Deploy GitLab Runners on Oracle Container Engine for Kubernetes with Cluster Autoscaling

Deploy GitLab Runners on Oracle Container Engine for Kubernetes with autoscaling functionality to scale worker nodes automatically based on load for smooth running jobs in the CI/CD pipeline.

Architecture

This architecture shows GitLab Runners deployed in an Oracle Container Engine for Kubernetes cluster on Oracle Cloud Infrastructure.

The following diagram illustrates this reference architecture.

Description of git-lab-runner-kubernetes.png follows
Description of the illustration git-lab-runner-kubernetes.png

git-lab-runner-kubernetes-oracle.zip

The architecture has the following components:

  • Region

    An Oracle Cloud Infrastructure region is a localized geographic area that contains one or more data centers, called availability domains. Regions are independent of other regions, and vast distances can separate them (across countries or even continents).

  • Availability domains

    Availability domains are standalone, independent data centers within a region. The physical resources in each availability domain are isolated from the resources in the other availability domains, which provides fault tolerance. Availability domains don’t share infrastructure such as power or cooling, or the internal availability domain network. So, a failure at one availability domain is unlikely to affect the other availability domains in the region.

  • Fault domains

    A fault domain is a grouping of hardware and infrastructure within an availability domain. Each availability domain has three fault domains with independent power and hardware. When you distribute resources across multiple fault domains, your applications can tolerate physical server failure, system maintenance, and power failures inside a fault domain.
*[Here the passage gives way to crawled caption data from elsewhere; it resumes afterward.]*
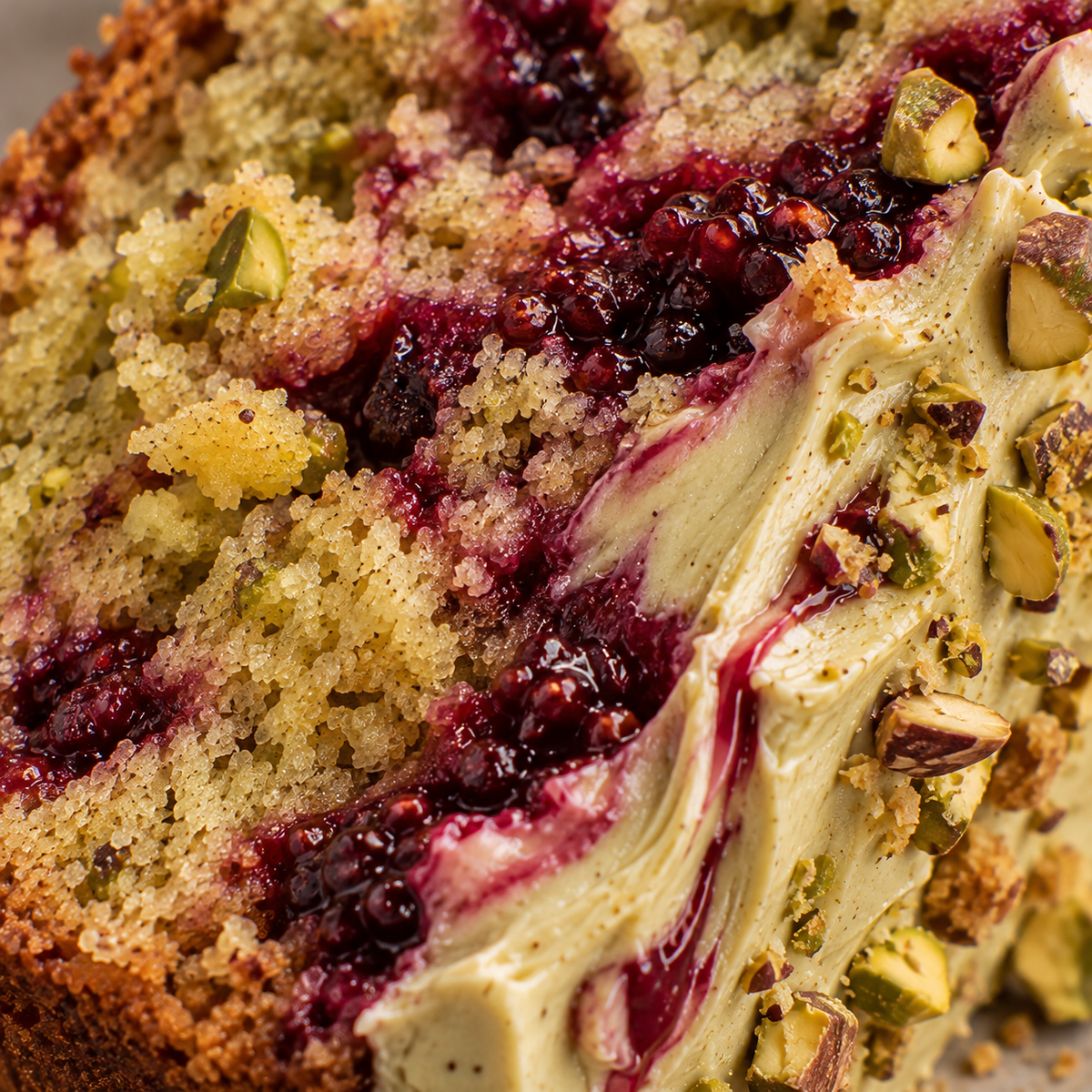 Pistachio loaf with blackberries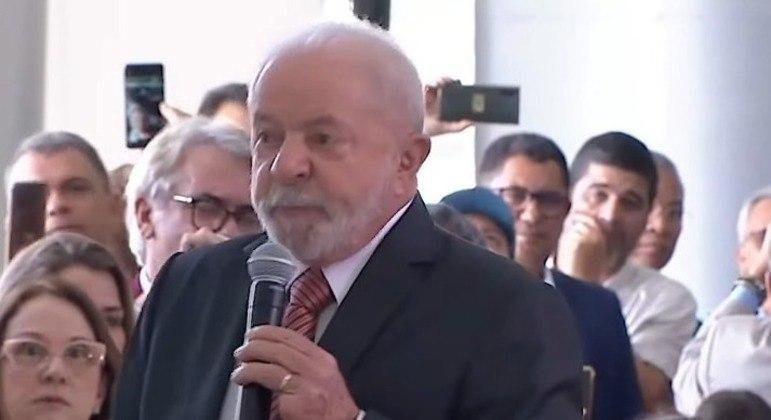 O presidente Luiz In&aacute;cio Lula da Silva em reuni&atilde;o com centrais sindicais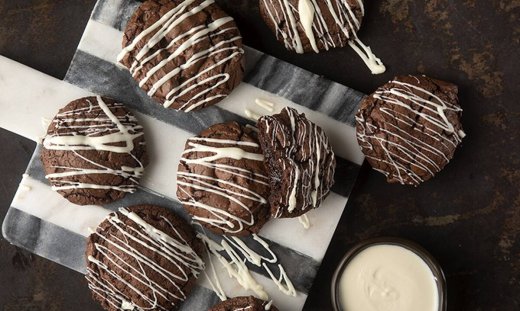 Brownie cookies από τον Άκη Πετρετζίκη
  • Virtual cloud network (VCN) and subnets

    A VCN is a customizable, software-defined network that you set up in an Oracle Cloud Infrastructure region. Like traditional data center networks, VCNs give you complete control over your network environment. A VCN can have multiple non-overlapping CIDR blocks that you can change after you create the VCN. You can segment a VCN into subnets, which can be scoped to a region or to an availability domain. Each subnet consists of a contiguous range of addresses that don't overlap with the other subnets in the VCN. You can change the size of a subnet after creation. A subnet can be public or private.

  • Service gateway

    The service gateway provides access from a VCN to other services, such as Oracle Cloud Infrastructure Object Storage. The traffic from the VCN to the Oracle service travels over the Oracle network fabric and never traverses the internet.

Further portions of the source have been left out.